You may be relieved to know that my ultimatum last month paid off. I asked 100 readers of The Ecologist online to sign up for a mini-assembly. We got 200. So thanks to all of you who committed to this world-shattering process.
Your individual actions are not just a drop in the ocean, but a crucial part of the democratic wave of change we are creating. Well, “maybe”, I hear you say.
A friend recently told me that assemblies are a bit of a “flavour of the month” at the moment. The problem with a word like “assembly” is that people think it’s just a thing—one thing amongst the thousands of ideas we are bombarded with in our information-saturated society.
Instinct
But assemblies— communities coming together to discuss what is going on and what needs to be done—are not just a modern trend. They are as old as the hills, with a rich history of at least 10,000 years of shaping political change.

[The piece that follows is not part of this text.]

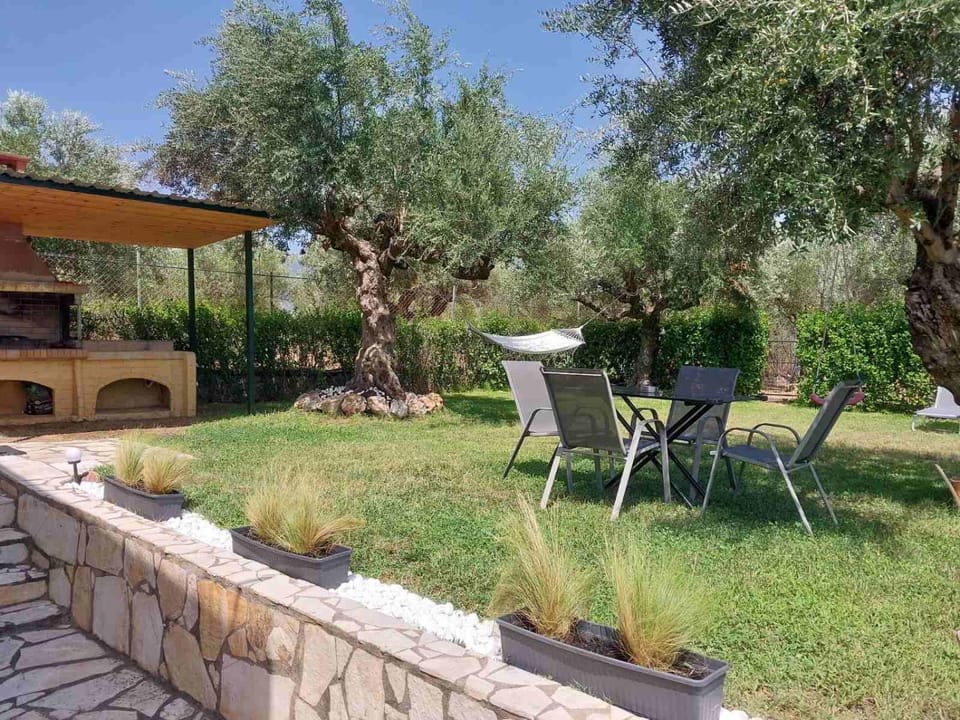Olive Harmony House Apartment in Messenia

More to the point, they are the central social form of radical and revolutionary political change—much more important than individual action or top-down leaders telling people what to do routinely. Just see the examples of the Mondragon Cooperative or the Rojava Revolution. They are, then, in our present context, the real deal.
In 2018, I told The Guardian that massive civil disobedience on climate would happen within two years. Of course, I didn’t mean it was guaranteed. I meant that the social form was ready—that if the right people planted the seed, it could take off. That’s exactly what happened when XR’s co-founders made the prediction come true in 2019.
I could feel it. But this wasn’t just vague intuition.
Now, I’ll make another prediction: Radical, assembly-based political parties will be the defining movement of the next five years in Western democracies. I can feel this, too. And this time, I have more than instinct to back it up.
Chaos
Alongside civil disobedience, the social form of assemblies has now been developed to the point where it can take off. Of course, the context is enormously fertile for a seed to be planted and nurtured, with disillusionment and a sense of betrayal higher than ever since World War II.
As many of you know, my big thing is that the devil is in the details. That is what I want written on my grave. There are slapdash conversations and then there are organised, revolutionary assemblies.
To create the latter we need to attend to both micro-design and sequencing to help them lead to a concrete pathway to power: local, national, and then international system change. A fundamental shift in the way our society operates, towards a more just and equitable system.